La crisis podía haber introducido algo de racionalidad en esta aberración, pero ha sucedido lo contrario. Aprovechando el clamor popular contra la corrupción, y también la cruzada del gobierno central contra autonomías y ayuntamientos manirrotos, los interventores se han puesto las pilas y han acrecentado si cabe su celo fiscalizador. El Ministro de Hacienda está actuando como un eficaz líder de esta aparente cruzada anticorrupción, poniendo deberes a los interventores cada vez más complejos y con plazos cada vez más breves, y con consecuencias cada vez más graves para la desafortunada institución que no los cumplimentare. Esto llega a ser sangrante en los ayuntamientos: los ayuntamientos pagan (y muy generosamente por si acaso) a los interventores; pero Hacienda les pone los deberes y les dice como hacerlos, y cada vez les pone más deberes,  más minuciosos y con plazos más cortos. Los ayuntamientos pagan y Montoro manda. Y con la nueva ley de régimen local será mucho peor. La tarea primordial de los Ayuntamientos será echar instancias al Ministerio, a la Diputación y a la autonomía, pidiendo permiso para esto y lo otro. Pero todo papel. Papel va, papel viene, o electrones para allá y para acá. Y los que quieran robar seguirán robando. 
 
Que tengamos este sistema aparentemente absurdo que castiga a los buenos gestores y facilita a la vez la delincuencia no es gratuito ni casual. Del mismo modo que en la genética de nuestras administraciones públicas existe la cultura del control formal y formalista, existe también la cultura de que (por una buena causa) se le pueden hacer trampas a los controles.
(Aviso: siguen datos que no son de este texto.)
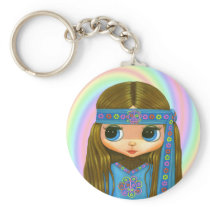 Flower Power Hippie Keychain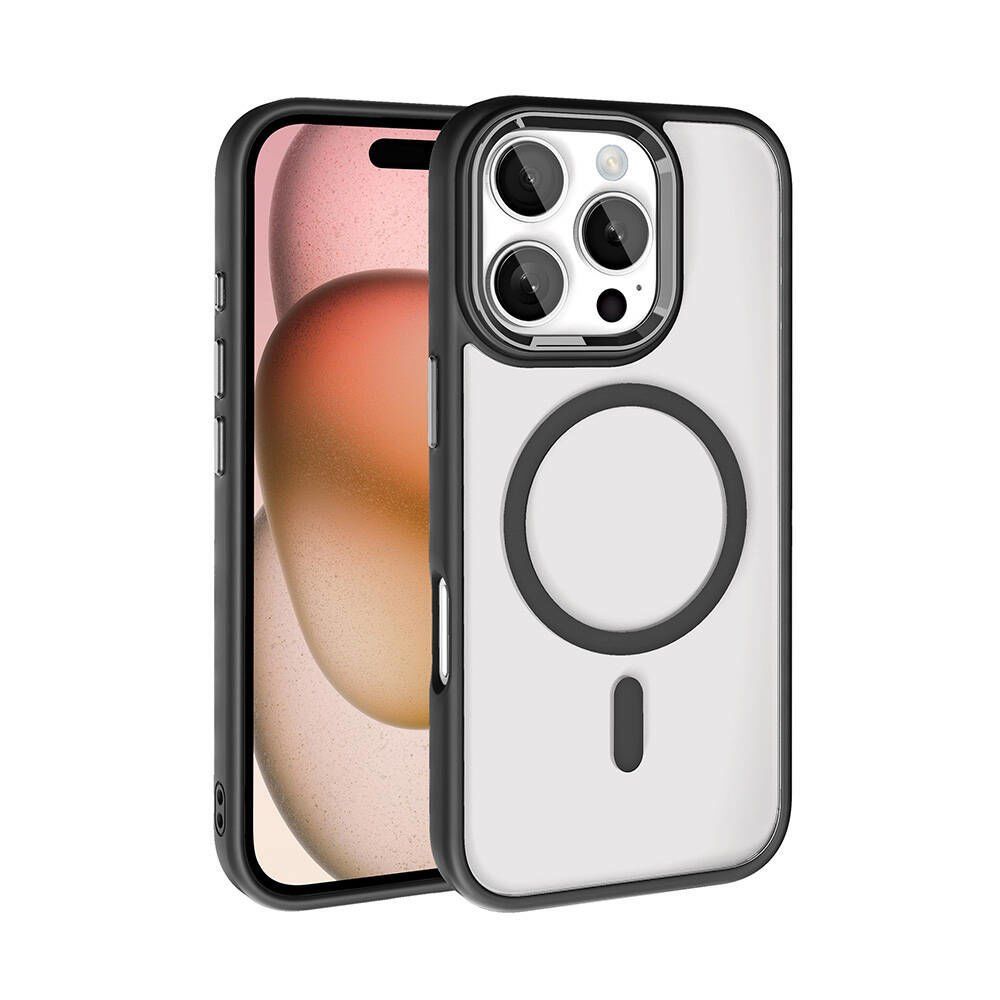 Apple iPhone 16 Pro Kılıf Wireless Şarj Özellikli Krom Magsafe Silikon Kapak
Si hay acuerdo ideológico y político entre la autoridad controlada y la autoridad controladora, hay permiso para hacer trampas. La fórmula incluso tiene un nombre, se llama “vestir el muñeco”. Se llama vestir el muñeco a una operación burocrática consistente en organizar un papeleo aparentemente legal que oculta una realidad desvergonzadamente ilegal. 
 
Esta operación tiene también aforismo, se lo oí a un veterano general del ejército español que lo recitaba con gran solemnidad: “A los amigos, les doy puros; a los enemigos, les doy por el culo; y a los indiferentes, les aplico la legislación vigente”. O sea, la ley no es igual para todos: para los amigos dice una cosa, para los enemigos otra, y para los indiferentes una tercera. Lo hemos heredado del franquismo, que en toda la segunda mitad de su larga trayectoria predicó con gran contundencia que era “un estado de derecho”: Se predica una cosa y se practica otra. 
 
Por tanto erradicar la corrupción en España, y además al mismo tiempo multiplicar la eficacia de las administraciones, incluso ahorrando mucho dinero, sería muy sencillo. Bastaría con eliminar de un plumazo (mejor dicho, con una ley) todos estos controles farragosos e inútiles, y sustituirlos por un único sistema de control basado en una autoridad independiente, con supervisión parlamentaria. Sus funciones no deberían ser de control procedimental sino auditoras, mediante inspecciones y muestreos aleatorios, de todas las administraciones. Debería actuar con un sistema muy codificado y objetivo de control, de modo que cada auditor no inventara cómo actuar sino que aplicara protocolos y manuales precisos y estrictos. 
 
También es muy sencillo entender por qué esto no es probable que suceda. Demasiados poderes burocráticos, controlados y controladores, y demasiados poderes políticos muy emparentados con los poderes burocráticos viven muy bien y muy tranquilos con el sistema vigente. Por desgracia el que quiera robar podrá seguir robando.